In STATA, we can use collapse to create an aggregated data. For instance, assume
that we have demographic information at the individual level:
HHID PersonID Age Gender
1 1 42 Male
1 2 37 Female
1 3 10 Female
2 1 28 Male
2 2 24 Female
HHID indicates in household ID numbers in which each individual belongs; PersonID
indicates ID numbers for each individual; and Age and Gender indicate personal
information.
Suppose that we want to create a variable called HHsize that indicates the household
size. To create HHsize, I would create HHsize which is one for all individuals:
gen HHsize = 1
HHID PersonID Age Gender HHsize
1 1 42 Male 1
1 2 37 Female 1
1 3 10 Female 1
2 1 28 Male 1
2 2 24 Female 1
Then, I would aggregate up the data to the household level.
collapse (sum) HHsize, by(HHID)
collapse aggregates up the data to the level identified by the identifying variable
specified in by( ). In this example, I am aggregating the data up to HHID level.

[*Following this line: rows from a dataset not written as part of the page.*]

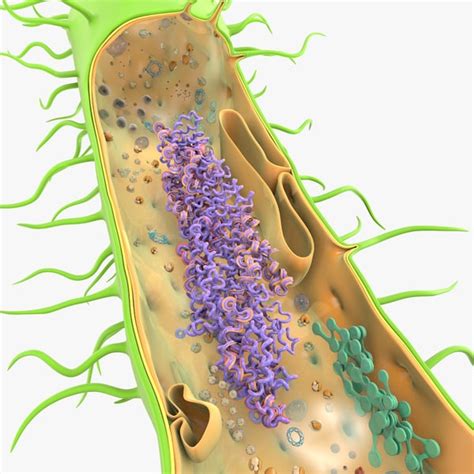 Prokaryotic cell ribosomes model | 1149003 | TurboSquid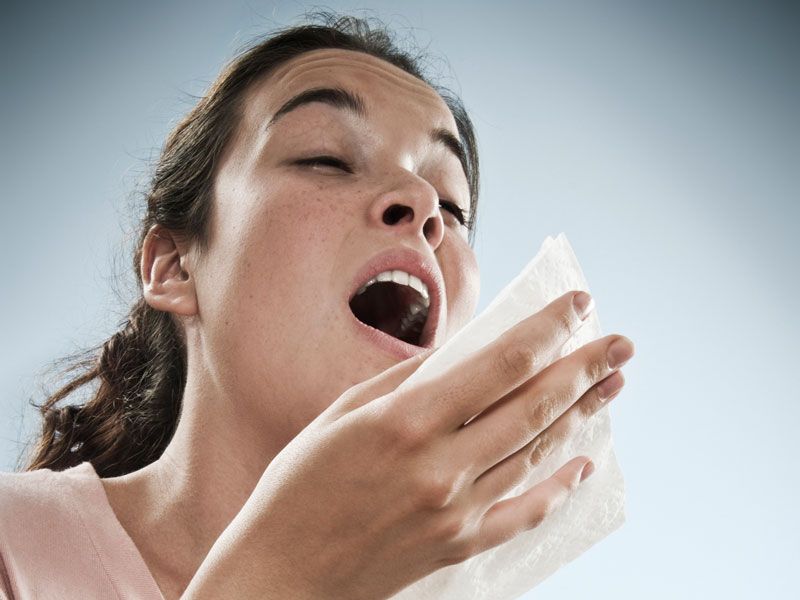 Hắt xì hơi một hay nhiều cái mang ý nghĩa khác nhau Hắt xì hơi một hay nhiều cái mang ý nghĩa khác nhau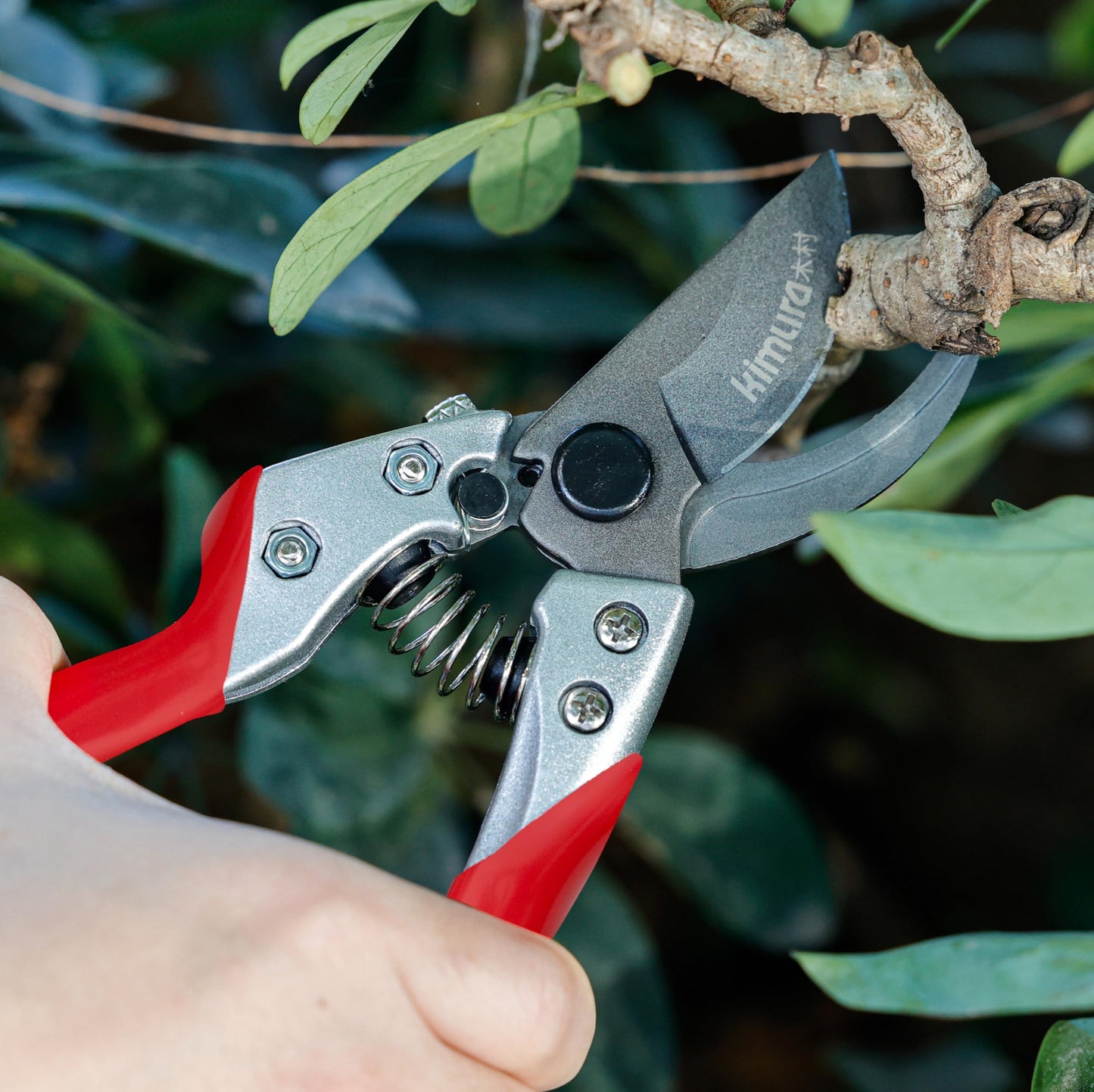 Kimura® 8" Pro Bypass Garden Secateurs, Heavy Duty Premium Japanese SK5 Steel Blades, Non-Slip PVC Coated Handles, Lightweight & Ergonomic, Japanese Bypass Pruning Shears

In the example, we will get an aggregated data looks like:
HHID HHsize
1 3
2 2
Notice that all the other variables are eliminated. In addition to summing up, you can
also calculate means, standard deviations, maximums, minimums, median, etc. For
instance, you can calculate average ages and find the maximum age within the
household by typing:
collapse (sum) HHsize (mean) Age (max) Agemax = Age, by(HHID)
HHID HHsize Age Agemax
1 3 29.7 42
2 2 26 28
After creating an aggregated data, you can combine this to another data using an
identifying variable. In the example, the identifying variable is HHID. Before
merging this file with other data files at the household level, you need to sort the data
according to the identifying variable. Thus,
sort HHID
save c:/data/tmp/hhsize, replace
Merging data files
To combine data from different files, we need to merge files. Files must be sorted by
the same identifying variable in the same order before merging. For instance,
suppose that we have a data set of household income at the household level and bring
in HHsize from a different file to crease a per capita income variable, called PCincome.
First, we need to open a base file. I this example, this is a file with household
income:
HHID income
1 302
2 189
Then, we merge this file with a file that contains HHsize:
sort HHID
merge HHID using c:/data/tmp/hhsize
HHID income HHsize Age Agemax merge
1 302 3 29.7 42 3
2 189 2 26 28 3
Thus, we have merged two data files at the household level (HHID).